“I believe in … the resurrection of the body and the life everlasting.”
– (Apostles’ Creed)
As reflected in the 2014 movie, Heaven is For Real, and the 2012 book Proof of Heaven, stories of near death experiences and the survival of the human soul have found a positive reception in 21st century American culture. Even as belief in God and participation in organized religion continues to decrease, more persons believe in an afterlife now than did in 1972 (80% vs. 73%), according to a study conducted by three universities (San Diego State, Florida Atlantic, and Case Western Reserve). If one were under any illusion that belief in heaven was a uniquely Christian tenet of faith these findings should challenge that perspective.

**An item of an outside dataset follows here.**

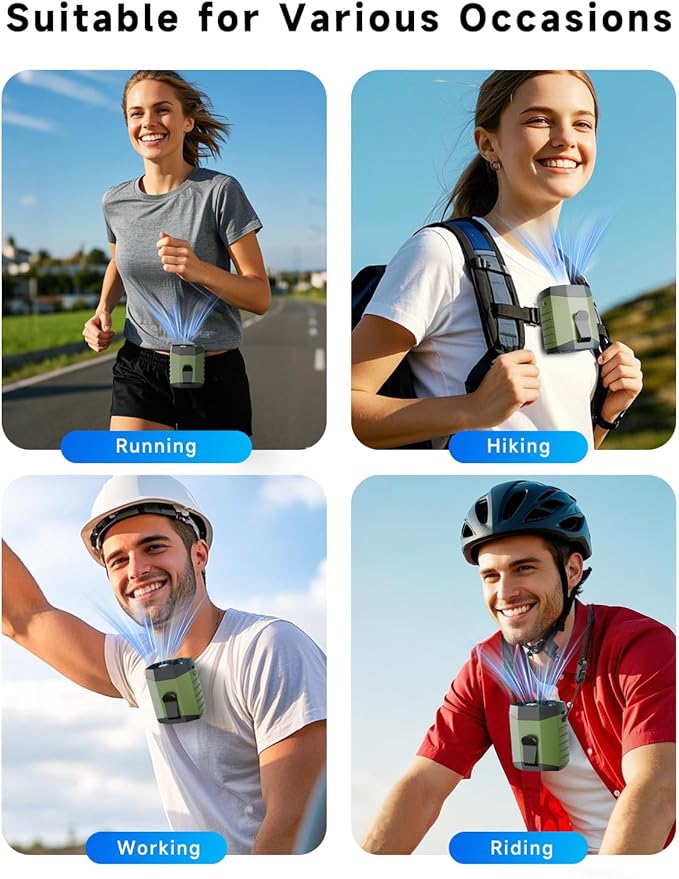 2025 Smart Portable Rechargeable Fan with LED Light & 25H Runtime, 4-Speed 9200RPM Turbo Cooling Personal Waist Fan, Wearable Neck & Belt Clip for Camping, Outdoor, Hiking - Green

Like persons of the present day, many in Jesus’ time believed in an afterlife and thought it possible for the souls of the departed to return from the realm of the dead to this world as ghosts. What they did not expect was God’s resurrection of Christ and his walking among the living with a body through which he could interact with the material world.
Our Moravian Easter Liturgy opens with the words, “The Lord is Risen!” This distinctly Christian message of hope is the original Gospel – “good news” – spread by apostles who had encountered the risen Christ and could testify to his resurrection. Indeed, being a witness to Christ’s resurrection was the criteria for being an “apostle” (Acts 1:22). So we read of the Apostle Peter proclaiming: “you killed the Author of life, whom God raised from the dead. To this we are witnesses.” (Acts 3:15). Similarly, the Apostle Paul writes: “Last of all, as to one untimely born, he appeared also to me.” (1 Corinthians 15:8).

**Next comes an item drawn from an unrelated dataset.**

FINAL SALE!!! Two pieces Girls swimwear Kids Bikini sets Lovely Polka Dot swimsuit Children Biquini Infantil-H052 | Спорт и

Throughout subsequent centuries, followers of Jesus have proclaimed that, just as God raised Jesus from the grave, so God “will also give life to our mortal bodies if the Spirit of God has dwelt in us”. This affirmation is expressed in the Apostles’ and Nicene Creeds.

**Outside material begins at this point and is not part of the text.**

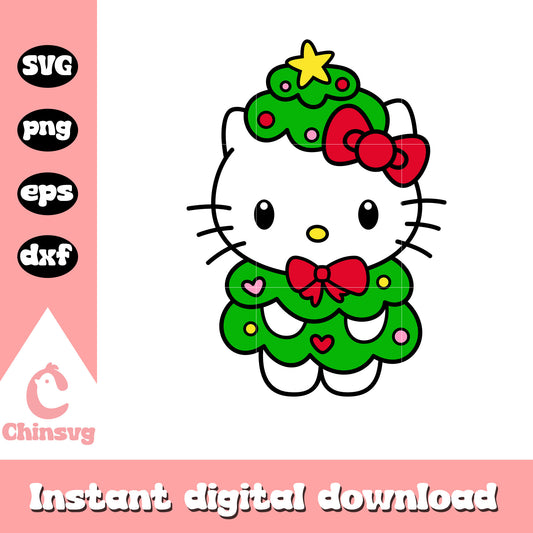 Hello kitty christmas tree svg, hello kitty christmas svg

Why does belief in the resurrection matter?
Like belief in God’s Incarnation in the person of Jesus Christ, Christian belief in bodily resurrection affirms the essential goodness of nature and embodied human existence. While taking seriously problems of suffering, sin, and death, the goal of Christian faith is not to escape earthly existence but rather to open ourselves to God’s ongoing acts of redemption. Because God’s plan is to redeem this world, our task is to help God in this endeavor by becoming agents of transformation ourselves rather than simply enjoying life or passing time until we depart for a better place. We work with our Savior for justice and righteousness during our earthly lives and pray as he taught us: “your will be done on earth as it is in heaven”. With Job we can claim: “For I know that my Redeemer lives, and that at the last he will stand upon the earth; and after my skin has been thus destroyed, then in my flesh I shall see God.” (Job 19:25-26).